In Financial competency, Financial planning, Investments on 02/12/2009 at 11:09 am

I was reading an article describing how much a 21-year old and  a 40-year-old man or woman would require to set aside to get an annual income equivalent to the median annual earnings in the UK. (“If you line up all the workers in the UK, from the highest earners and one end to the lowest at the other, and pick the person exactly in the middle – that is the median.”)

Data was provided by an insurer and a fund manager. The insurer calculated on the basis of the lump sum needed to buy a annuity; while the fund manager calculated on the assumption of expected investment returns if a lump sum was invested.

I tabulated the numbers in a table and in the last column calculated the differential in percentage terms using “Investment Cost” as the denominator.
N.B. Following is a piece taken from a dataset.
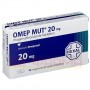 Омеп Мут | Omep Mut | Омепразол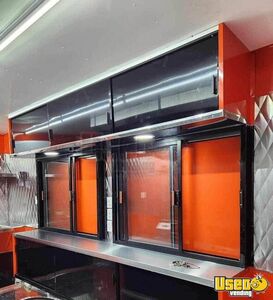 2023 Kitchen Trailer Kitchen Food Trailer Flatgrill Idaho for Sale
Man aged 21 £2,019,117 £807,245 149
Man aged 40 £1,268,780 £659,248 92
Woman aged 21 £1,658,201 £666,076 148
Woman aged 40 £1,069,225 £554,676 95
Assumptions An estimated inflation rate of 3% a year. Take into account tax that would have to be paid. An average annual growth rate of 5% in these investments and inflation of 3%.
Source Canada Life Fidelity International

The differential surprised me. I know, I know: the annuity payments are assured, annual investment returns are not, and can be volatile. The investment principal could be depleted. And yields on long-term government paper, that the insurer would invest in to pay the annuities, are pathetic. But still ….  And BTW an annuity stops paying on death. Investments can be inherited.

And this in a country where the annuity market is very developed. Imagine the premium in Singapore where the annuity market is not as developed as that of the UK.  By any measure, the annuity market here is third world.

FYI, a friend is trying to provide me with local data so that I can localise the comparison. (Update on 14/1/2010, no gd local data to work on.)

Still the above table shows that the price of an assured life-time income is very high.